Aprender a mirar la ciudad





El Norte de Castilla, 3 de junio de 2018


Tomo este título de la idea lanzada por Miguel Ángel Fonseca en una conferencia impartida no hace mucho, junto a Luis Mingo, sobre la Plaza Mayor de Valladolid. De buenos arquitectos como éstos siempre se obtienen aprovechables lecciones y oportunas sugerencias. Entre otras, me ratifican en la que desde hace mucho tiempo practico habitualmente como una costumbre heredada de mi maestro y gracias a la cual he conseguido acumular tantas experiencias como sorpresas en numerosas ciudades. Consiste en hacerse con ellas mediante la andada vigilante para apropiarse intelectualmente de su imagen y de la variedad de los elementos que las componen; o, lo que es lo mismo, de adentrarse en los múltiples recovecos, detalles e insinuaciones callejeras que la ciudad ofrece a la mirada curiosa del observador. El ejercicio de esta tarea, que tiene a su favor el aprovechamiento de las posibilidades que brinda la libertad para orientarla en la dirección apetecida, precisa de un esfuerzo previo de aproximación a  lo que se va a ver, a fin de comprenderlo y asimilarlo adecuadamente. Es ncesario partir de una idea previa de lo que se quiere descubrir, pues todos los espacios presentan singularidades que solo la mirada directa y detallada puede comprender en toda su pluralidad de matices.

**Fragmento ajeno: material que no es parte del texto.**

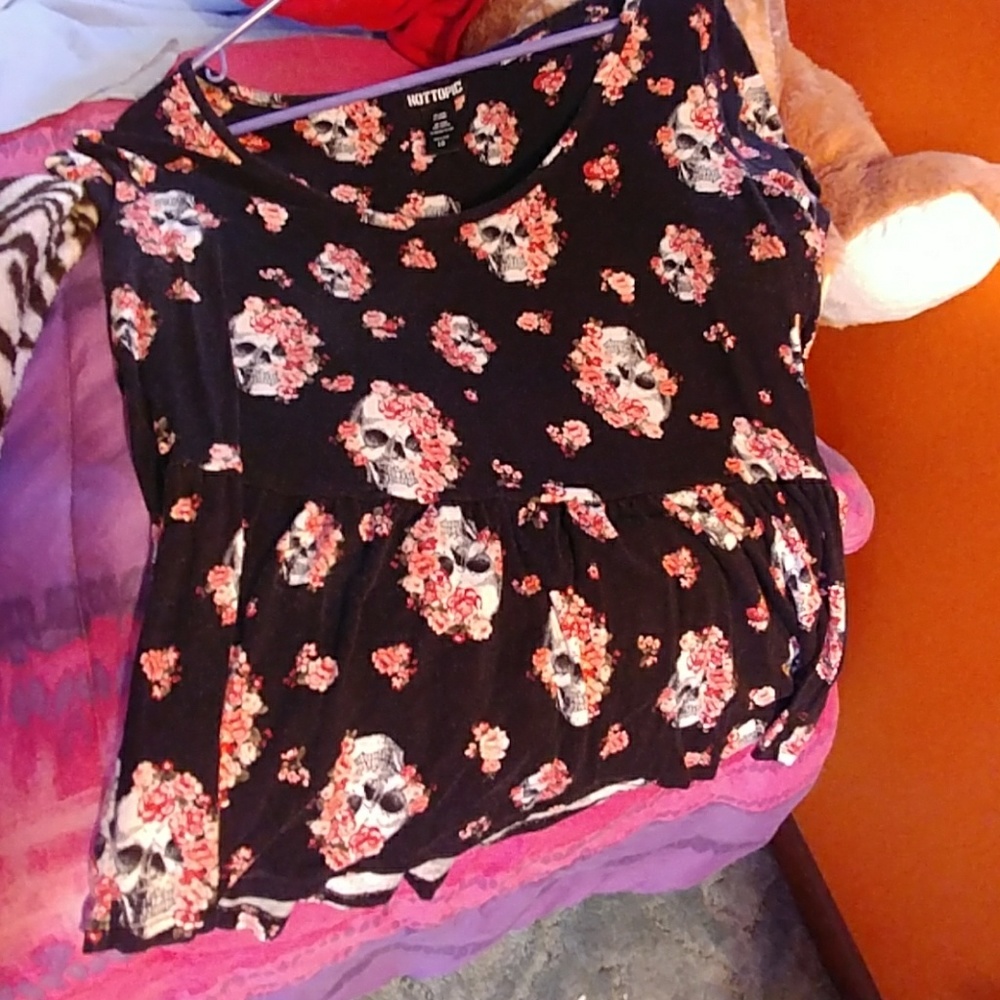 Large Hot Topic Peplum Style Shirt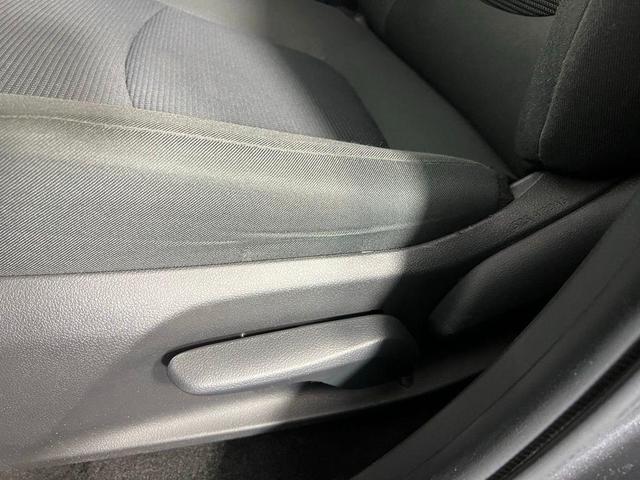 Photo of 2024 Magnetic Gray Metallic Toyota RAV4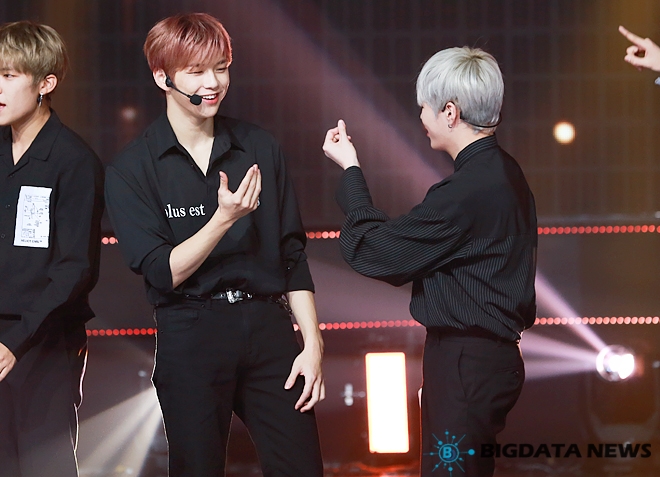 워너원 강다니엘-하성운, MBC MUSIC '쇼 챔피언' 생방송 현장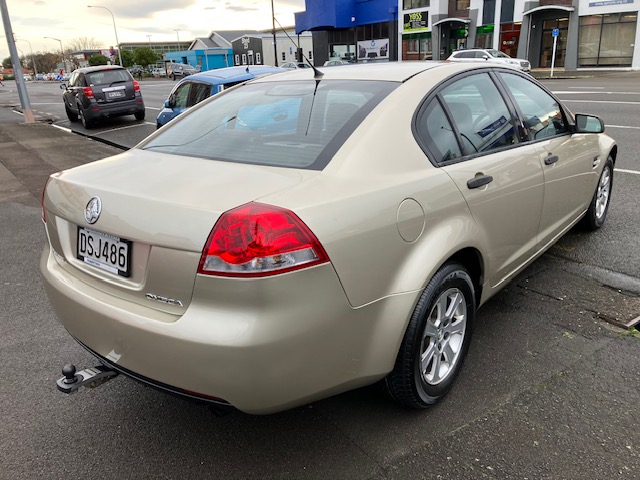 2007 Holden Commodore Omega, Auto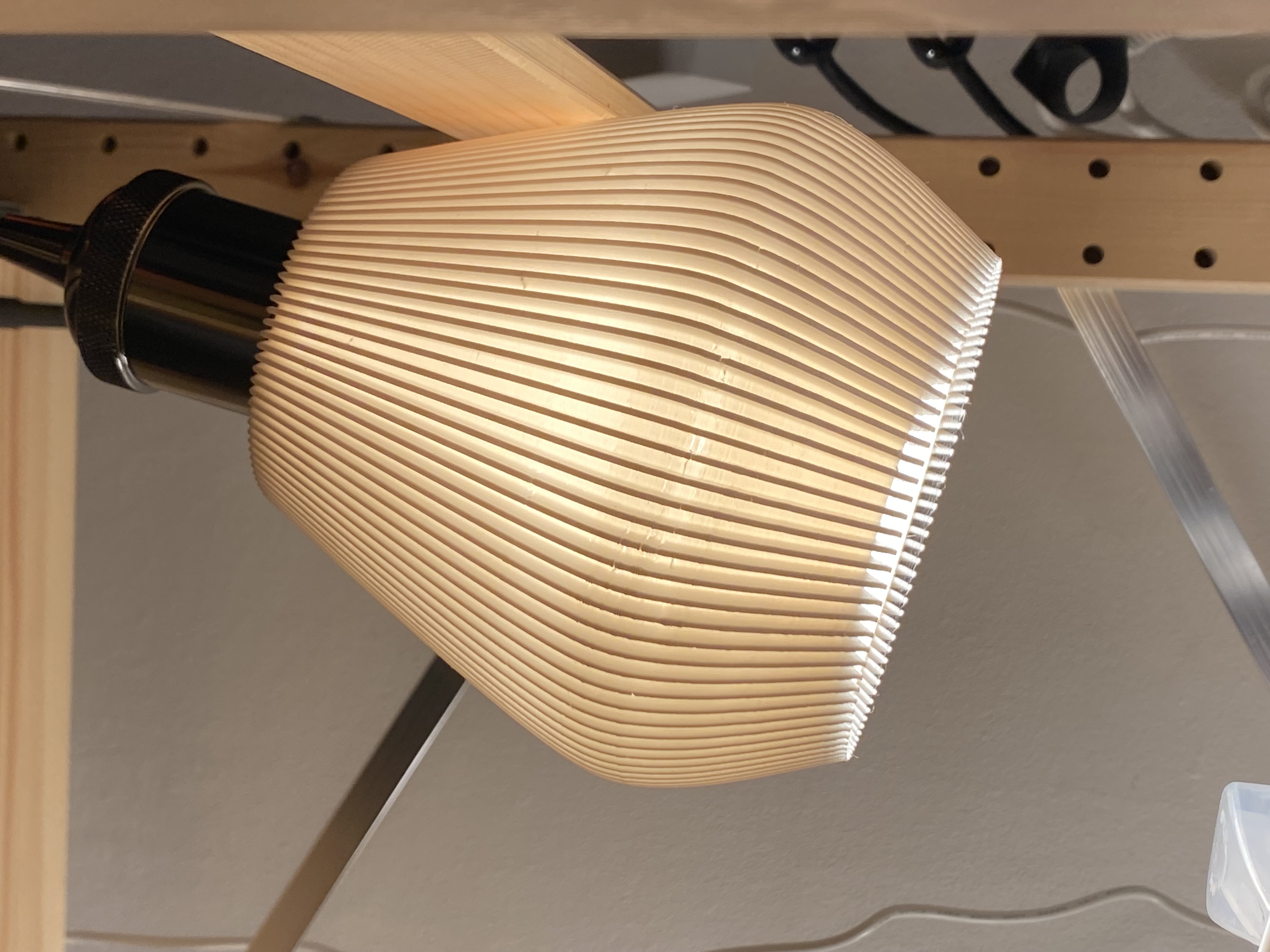 Miniatura 3 do modelo 3D Striped Lampshade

            Y es que acercarse al conocimiento de una ciudad precisa de algo más que el mero voluntarismo de lograrlo. El requisito, sin embargo, no es complicado. Basta simplemente con percibir de antemano sus rasgos esenciales, a saber, la localización, los fundamentos históricos que la identifican y su dimensión demográfica. Sobre la base de estos tres aspectos, la indagación voluntaria y discrecional permite encauzar la sensibilidad y hacer mucho más ilustrativa la experiencia hasta enraizarla en la memoria. Representa descubrir realidades nuevas, muchas veces ignoradas, y experimentar la grata sensación que tiene el escrutador cuando se halla ante lo que no espera, para integrarlo en la propia vivencia y, si llegase el caso, poderlo transmitir como desee. Son muchas las referencias y las señales que los itinerarios urbanos procuran, ya que en ellos, como señala Muñoz Molina, las preocupaciones y las obsesiones se disuelven en la observación incesante. De ahí que, cuando uno siente el deseo de asumir  la realidad que potencialmente se abre a la curiosidad de su mirada, dos son las principales sensaciones que experimenta.

            Por un lado, el recorrido trae consigo la ampliación de los “mapas mentales” que cada cual posee de antemano. El mapa mental está construido en este caso a partir de la idea que se tiene de la ciudad en función de los escenarios más acostumbrados en los que se desenvuelve la vida cotidiana. Por lo general, son espacios limitados y con frecuencia simplificados por la costumbre, pues en principio su configuración está delimitada por los hábitos de relación más rutinarios. De ahí que, cuando la vista se abre a otros escenarios, el observador se da cuenta de que existen marcos de convivencia que ha de enjuiciar como complementarios al suyo. Merced a ello la cartografía personal se embarnece y, lo que es más importante, incorpora elementos sin los cuales el propio campo de consideración vital del ciudadano no podría ser entendido. 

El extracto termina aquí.